Check Visa Availability

To determine if an immigrant is eligible to proceed with the adjustment of status process, it is necessary to establish the immigrant’s visa availability. This can be done by visiting the Visa Bulletin on the Department of State website. Here, one can check the current visa availability for the category of immigrant for which they are applying. This is done by comparing the date listed in the Visa Bulletin with the priority date on the immigrant petition. If the priority date is earlier than the date listed in the Visa Bulletin, the immigrant is eligible to proceed with the adjustment of status process. However, if the priority date is later than the date listed in the Visa Bulletin, the immigrant must wait until the date listed in the Visa Bulletin is reached or passes before they may proceed with the adjustment of status process.

File Form I-485

The final step of this process is filing Form I-485, the application for lawful permanent residence. To complete this form, you will need to provide information about yourself, your family, and your eligibility for adjustment of status. Supporting documents such as a valid passport, birth certificate, marriage certificate, or other documents are also required. In addition, you will need to pay the filing fee for Form I-485, currently $1,140 and plus a biometric fee of $85. If your application is approved, you will become a permanent resident of the United States.

Attend a Biometrics Appointment

One of the steps in the adjustment of status process is the biometrics appointment.

At the biometrics appointment, you will need to visit a designated Application Support Center (ASC).

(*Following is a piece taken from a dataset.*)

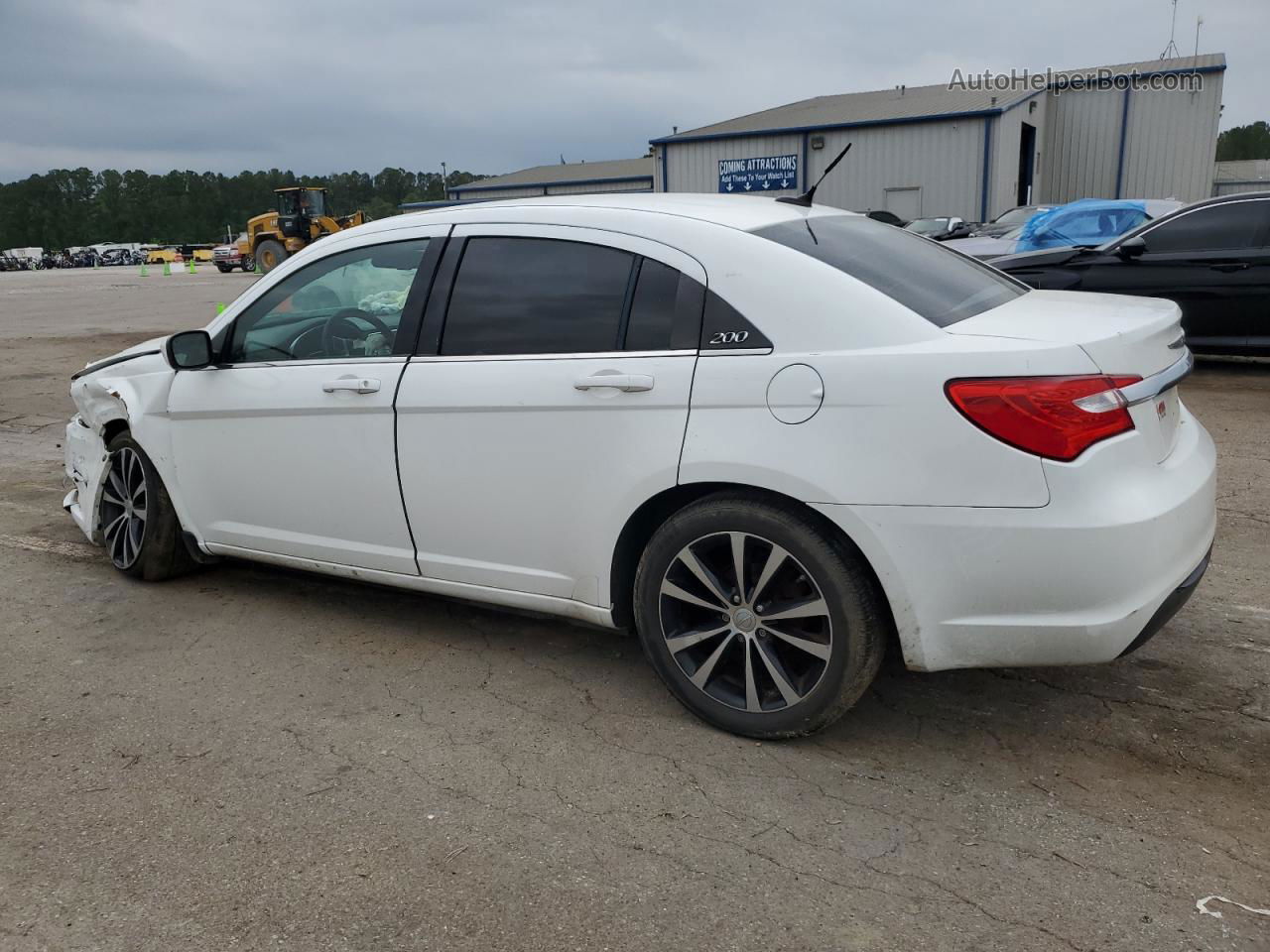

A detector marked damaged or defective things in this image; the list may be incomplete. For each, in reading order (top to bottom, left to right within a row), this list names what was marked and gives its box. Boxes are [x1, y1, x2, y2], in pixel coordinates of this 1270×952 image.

crumpled front bumper [63, 415, 108, 543]
damaged front wheel [101, 432, 197, 579]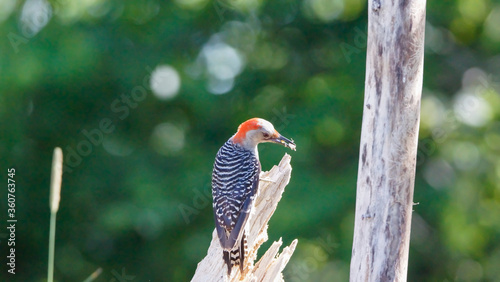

Make sure to bring a valid form of identification such as a driver’s license or passport. At the ASC, you will have your photo taken and fingerprints scanned. If you are a minor, at least one of your parents must be present. The biometrics appointment typically takes about 30 minutes.

Attend an Interview (if Applicable)

After reviewing the submitted information, the USCIS may then schedule an interview with the applicant. It is important to prepare for this interview in order to ensure a successful outcome. All necessary documents and records should be gathered in advance. This includes any forms that need to be filled out and submitted to the USCIS. It is also important to be prepared to answer questions about the application, the applicant’s background, and their relationship to the petitioner.

In addition to preparation, it is important to dress professionally for the interview. The applicant should also be sure to bring any documents requested by the USCIS. If necessary, an interpreter should be brought along, as well. When answering questions, the applicant should be sure to speak truthfully and provide complete and accurate answers. Finally, they should be courteous to the USCIS officer.

By taking all of these steps into account, the applicant will be in a better position to have a successful adjustment of status interview.

Present Additional Evidence (if Applicable)

The Adjustment of Status process can include presenting additional evidence (if applicable). This step is only necessary if U.S. Citizenship and Immigration Services (USCIS) requests additional evidence to complete the application. Examples of additional evidence that could be requested by USCIS include proof of a valid marriage, proof of accompanying children’s identity, proof of financial support, and/or additional documents to support eligibility. If any additional documents are requested, they must be submitted as soon as possible. Failure to submit the documents may lead to a delay or denial of the application.